The move dramatically raises the prospects of a shutdown -- the first since 1996. It sets up a staring contest with the Senate, where Majority Leader Harry Reid (D-NV) has categorically rejected any provisions that delay, defund or chip away at the Affordable Care Act.
"To be absolutely clear, we are going to accept nothing that relates to Obamacare," Reid told reporters on Friday, after the Senate passed a "clean" stopgap bill to keep the government funded through Nov. 15.
Anxieties were rising on Capitol Hill with deep divisions (both within the GOP and between the two parties) just days before many federal services were set to close their doors. But in their private meeting, House Republicans agreed to unite on the goal that binds them together: wanting to unravel and defeat Obamacare.
"The whole room: 'Let's vote!'" Rep.
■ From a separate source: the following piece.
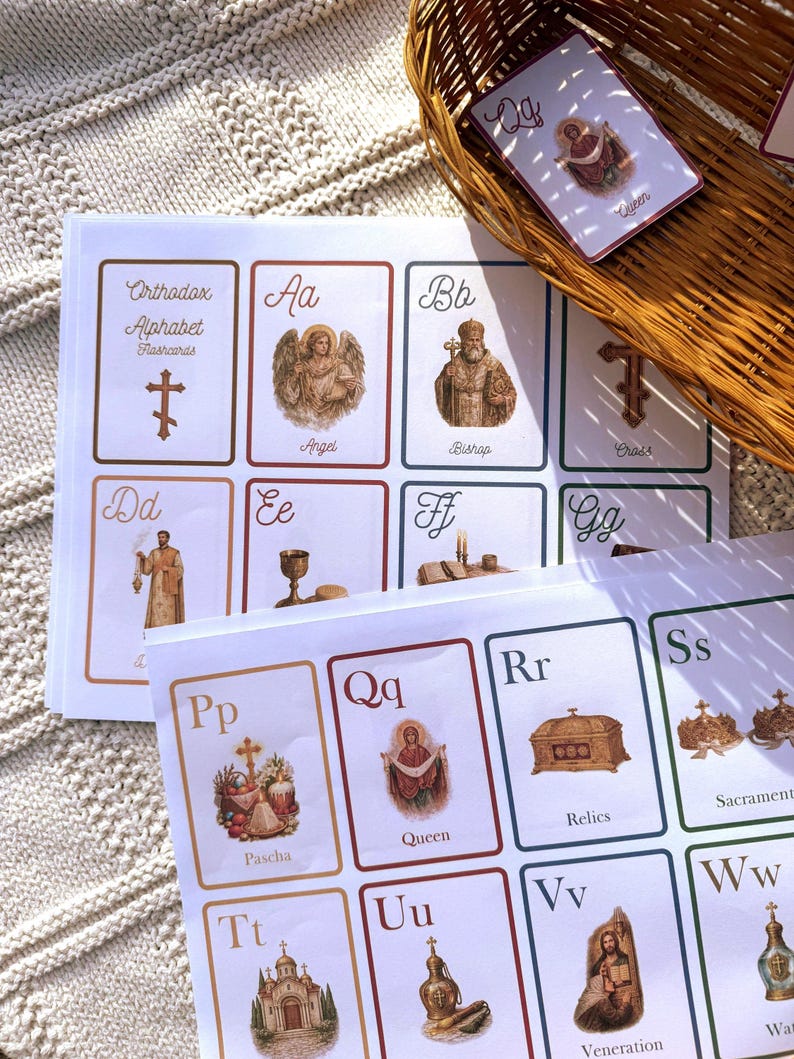 May include: A stack of Orthodox Alphabet flashcards with illustrations and text. The cards feature images of an angel, bishop, cross, and queen. A wicker basket holds additional cards, with the word "Queen" visible on one.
John Culberson (R-TX) told reporters, according to MSNBC. "I said, like 9/11, 'let's roll!'" (The congressman was referring to the last words of a passenger aboard a flight that was hijacked on Sept. 11, 2001 and crashed in Pennsylvania.)
The Senate is not scheduled to be in session until Monday afternoon. The White House has repeatedly said Obama will veto any legislation that delays or defunds Obamacare.
House Republicans passed a "rule" Saturday afternoon to waive the standing rules and let them bring up the continuing resolution for a vote on the same day it was unveiled.
The decision comes amidst a civil war within the GOP over how far to go in trying to destroy Obamacare. It shows that GOP leaders have come up empty after trying every trick in the book to talk their members back from the brink of shutting down the government over President Barack Obama's health care law. Veteran Republicans recognize that their party is likely to be blamed in the event of a shutdown, even warning that it could cost them the majority in the House, if not damage their standing in the Senate.
"Shutting down the government to get your way over an unrelated piece of legislation is the political equivalent of throwing a temper tantrum. It is just not helpful," said Rep. Tom Cole (R-OK), a deputy majority whip and Boehner ally, back in July. "And I think it is the sort of thing that could create a backlash that could cost the Republicans the majority in the House, which is after all the last line of defense against the president, and could materially undercut the ability of the Republicans in the Senate to capture the majority in 2014, which I think they have a decent chance to do."
It's a sign that the right flank's quixotic push to defund Obamacare, which senior Republicans have said for months is unachievable, has fully taken over the GOP, at least in the House. The effort has been led by Sens. Ted Cruz (R-TX), Mike Lee (R-UT) and conservative activist groups like Club For Growth, Heritage Action and FreedomWorks.
Cruz has been egging on conservative lawmakers to defy GOP leaders in order to keep up the fight to destroy Obamacare. He may have lost the the battle in the Senate, where the Democratic majority out-maneuvered Republicans, but he's winning the war for control of the party, even at the risk of damaging its political prospects.
"By pandering to the Tea Party minority and trying to delay the benefits of health care reform for millions of seniors and families, House Republicans are now actively pushing for a completely unnecessary government shutdown," said Sen. Patty Murray (WA), a member of the Democratic leadership. "I urge Republicans in the House to stop playing political games and pass the Senate's short-term shutdown-prevention bill so the families and communities we represent don't end up paying the price."